Cet amendement va à peu près dans le même sens que celui que vient de défendre M. le rapporteur ; une fois n'est pas coutume ! Il a pour objectif d'accroître l'efficacité de l'« action de préférence », notamment dans le domaine de la politique industrielle.
Le 6 septembre dernier, le commissaire européen Charlie McCreevy a fait part de son hostilité à l'égard des actions spécifiques : « Ma conviction profonde est que les droit spéciaux que les gouvernements s'attribuent afin de contrôler des entreprises privées créent des obstacles aux investissements directs visant à influencer la gestion de ces entreprises, et sont donc contraires au Marché unique. » Voilà qui ne présage rien de bon quant à la durée de vie de cette action spécifique !
Par ailleurs, monsieur le ministre, vous soutenez que l'action spécifique vise à assurer la continuité et la sécurité de nos approvisionnements. Or je m'interroge sur son efficacité, au regard des cessions d'actifs qui ont été exigées par Bruxelles et qui risquent de remettre en cause notre sécurité d'approvisionnement en gaz !
Sur ce sujet, comme sur le tableau relatif à l'impact des remèdes qui nous a été transmis par la commission, je reste très perplexe. En effet, vous privilégiez une approche en termes de clients, alors que les évolutions doivent être analysées du point de vue de la sécurité de nos approvisionnements, c'est-à-dire sous l'angle du contrôle des sociétés. Cela implique la capacité de maîtriser à la fois la stratégie, les orientations du groupe et la politique industrielle de l'entité, tout en développant une vision sur le long terme.

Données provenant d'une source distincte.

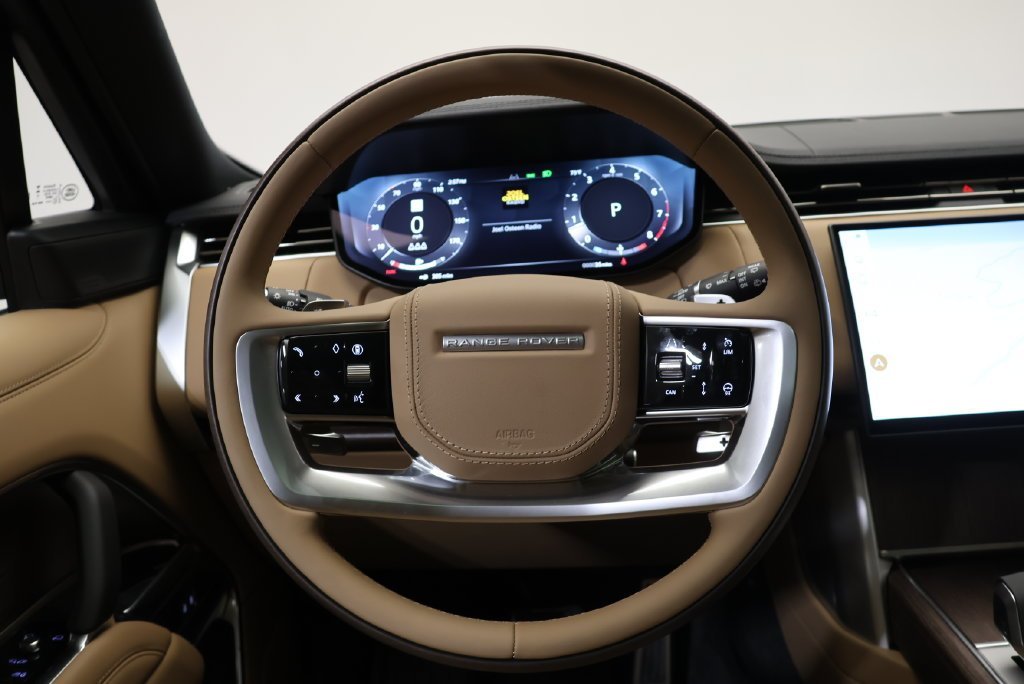 New 2027 Belgravia Green LAND ROVER SE image 17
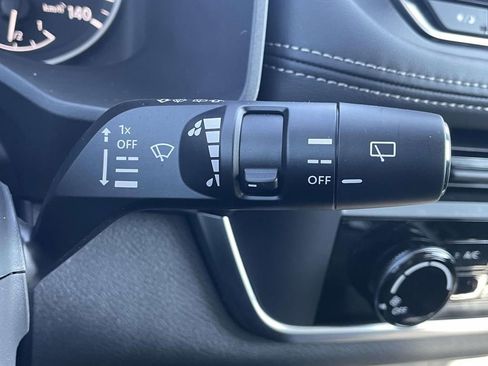 Used 2025 Nissan Rogue S image 24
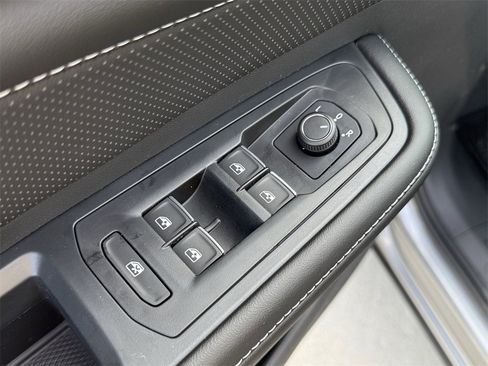 New 2026 Volkswagen Atlas SE image 11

Dans ce tableau, monsieur le ministre, vous ne prenez en compte que les sociétés que vous vendez en totalité. Pour reprendre l'exemple qu'a évoqué notre collègue Nicole Bricq, je rappelle que la perte de la majorité dans Fluxys entraîne une perte de contrôle sur cette société. En d'autres termes, Fluxys sort du groupe, ce qui n'est pas sans conséquences sur la dynamique d'ensemble.

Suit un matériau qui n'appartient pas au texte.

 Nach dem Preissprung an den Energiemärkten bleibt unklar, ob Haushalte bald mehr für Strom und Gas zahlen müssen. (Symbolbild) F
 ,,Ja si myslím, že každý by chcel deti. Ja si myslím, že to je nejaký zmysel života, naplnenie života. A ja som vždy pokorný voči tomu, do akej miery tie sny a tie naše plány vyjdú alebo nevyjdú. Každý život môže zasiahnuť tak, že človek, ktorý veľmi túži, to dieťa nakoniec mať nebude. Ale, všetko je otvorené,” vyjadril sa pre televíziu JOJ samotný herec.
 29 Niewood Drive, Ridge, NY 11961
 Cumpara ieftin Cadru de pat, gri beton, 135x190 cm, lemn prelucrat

Je prendrai un autre exemple. Il est soutenu que la nouvelle entité gardera la totalité de ses clients résidentiels en Belgique. Pourtant, en cédant Distrigaz, le nouveau groupe issu de la fusion perd ses contrats à long terme : il est donc dépouillé ce qui lui conférait son indépendance énergétique. Dès lors, se pose la question de savoir comment se feront, à terme, les approvisionnements des clients.

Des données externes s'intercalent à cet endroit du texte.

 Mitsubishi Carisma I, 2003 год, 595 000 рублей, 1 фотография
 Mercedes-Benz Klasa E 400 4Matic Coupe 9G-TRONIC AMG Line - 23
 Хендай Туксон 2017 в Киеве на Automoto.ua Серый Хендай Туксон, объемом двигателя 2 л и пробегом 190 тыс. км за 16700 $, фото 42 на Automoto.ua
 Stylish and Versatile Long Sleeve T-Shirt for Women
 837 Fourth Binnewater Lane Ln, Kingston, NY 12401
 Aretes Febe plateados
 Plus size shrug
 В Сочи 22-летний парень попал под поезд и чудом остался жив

Du point de vue de la sécurité d'approvisionnement, les chiffres traduisent une perte, et non un renforcement, dans le cadre de la fusion GDF-Suez et des remèdes proposés le 13 octobre dernier. Sur les 650 térawattheures dont la France et la Belgique disposent, la perte engendrée par la fin des contrats à long terme s'élève à 170 térawattheures, ce qui représente une source complète d'approvisionnement, par exemple l'approvisionnement de la France auprès de la Norvège pendant vingt ans. Les remèdes proposés ramènent cette marge de sécurité à 480 térawattheures, soit l'équivalent actuel de Gaz de France.